EXERCISE BRIEF | Beginning with the first line, copy out each line of the material until the line containing "Халат теплый с капюшоном" has been copied as well.

EXCERPTED RECORDS |
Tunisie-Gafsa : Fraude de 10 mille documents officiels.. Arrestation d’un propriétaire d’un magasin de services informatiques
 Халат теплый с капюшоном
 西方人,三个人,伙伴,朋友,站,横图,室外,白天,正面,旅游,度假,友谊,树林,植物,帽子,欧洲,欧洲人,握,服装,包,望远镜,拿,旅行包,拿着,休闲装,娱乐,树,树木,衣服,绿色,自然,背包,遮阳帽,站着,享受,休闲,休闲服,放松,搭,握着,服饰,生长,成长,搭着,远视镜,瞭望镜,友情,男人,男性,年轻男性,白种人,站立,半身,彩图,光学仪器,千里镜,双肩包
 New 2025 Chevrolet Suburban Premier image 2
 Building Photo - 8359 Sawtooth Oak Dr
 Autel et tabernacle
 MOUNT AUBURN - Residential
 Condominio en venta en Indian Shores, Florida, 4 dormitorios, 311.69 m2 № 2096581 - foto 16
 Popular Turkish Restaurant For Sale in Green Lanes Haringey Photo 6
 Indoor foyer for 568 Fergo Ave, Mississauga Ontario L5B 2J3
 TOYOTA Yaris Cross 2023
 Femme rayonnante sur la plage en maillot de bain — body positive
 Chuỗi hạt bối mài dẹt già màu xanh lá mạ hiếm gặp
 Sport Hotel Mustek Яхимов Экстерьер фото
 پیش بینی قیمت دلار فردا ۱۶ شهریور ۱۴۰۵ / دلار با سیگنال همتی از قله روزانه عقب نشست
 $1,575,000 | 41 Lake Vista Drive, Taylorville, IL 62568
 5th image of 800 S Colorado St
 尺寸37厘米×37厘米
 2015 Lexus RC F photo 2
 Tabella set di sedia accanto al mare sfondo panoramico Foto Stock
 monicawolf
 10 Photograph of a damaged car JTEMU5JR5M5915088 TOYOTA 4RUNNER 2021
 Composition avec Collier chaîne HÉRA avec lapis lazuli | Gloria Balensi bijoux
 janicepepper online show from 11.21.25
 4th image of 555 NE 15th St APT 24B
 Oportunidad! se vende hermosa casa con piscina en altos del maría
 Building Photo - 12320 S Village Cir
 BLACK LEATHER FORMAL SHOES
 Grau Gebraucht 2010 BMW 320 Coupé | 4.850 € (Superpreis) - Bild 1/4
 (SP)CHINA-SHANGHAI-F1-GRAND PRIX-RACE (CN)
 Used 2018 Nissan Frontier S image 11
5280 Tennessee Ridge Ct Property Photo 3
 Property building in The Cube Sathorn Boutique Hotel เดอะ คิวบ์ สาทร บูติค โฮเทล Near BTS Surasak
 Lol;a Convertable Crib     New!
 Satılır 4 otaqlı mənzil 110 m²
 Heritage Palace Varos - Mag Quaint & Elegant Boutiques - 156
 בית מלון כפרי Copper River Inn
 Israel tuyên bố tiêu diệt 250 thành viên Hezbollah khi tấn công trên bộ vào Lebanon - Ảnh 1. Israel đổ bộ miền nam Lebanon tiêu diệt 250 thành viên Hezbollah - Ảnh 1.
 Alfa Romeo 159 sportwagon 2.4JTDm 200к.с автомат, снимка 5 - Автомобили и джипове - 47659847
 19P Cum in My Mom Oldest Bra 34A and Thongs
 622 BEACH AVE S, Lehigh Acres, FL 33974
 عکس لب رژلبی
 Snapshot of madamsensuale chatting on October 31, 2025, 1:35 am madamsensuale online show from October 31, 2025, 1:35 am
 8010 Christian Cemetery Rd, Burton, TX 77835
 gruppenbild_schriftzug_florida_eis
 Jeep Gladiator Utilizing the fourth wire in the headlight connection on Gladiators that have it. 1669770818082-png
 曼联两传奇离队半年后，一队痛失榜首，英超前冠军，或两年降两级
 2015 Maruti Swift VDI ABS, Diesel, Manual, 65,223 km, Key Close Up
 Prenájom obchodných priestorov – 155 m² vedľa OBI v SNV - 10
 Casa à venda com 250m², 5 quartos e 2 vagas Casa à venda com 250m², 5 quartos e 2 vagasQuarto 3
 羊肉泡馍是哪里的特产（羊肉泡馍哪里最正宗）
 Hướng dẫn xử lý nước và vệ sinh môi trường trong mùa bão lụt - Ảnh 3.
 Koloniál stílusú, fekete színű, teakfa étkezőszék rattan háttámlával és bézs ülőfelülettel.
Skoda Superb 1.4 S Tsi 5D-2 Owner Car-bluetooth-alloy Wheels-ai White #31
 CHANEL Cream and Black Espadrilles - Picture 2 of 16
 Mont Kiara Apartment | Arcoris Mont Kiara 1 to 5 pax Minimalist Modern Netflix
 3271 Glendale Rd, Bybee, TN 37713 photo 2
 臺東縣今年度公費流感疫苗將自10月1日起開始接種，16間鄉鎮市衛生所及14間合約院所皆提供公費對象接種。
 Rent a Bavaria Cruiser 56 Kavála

RESULT OF THIS EXERCISE |
Tunisie-Gafsa : Fraude de 10 mille documents officiels.. Arrestation d’un propriétaire d’un magasin de services informatiques
 Халат теплый с капюшоном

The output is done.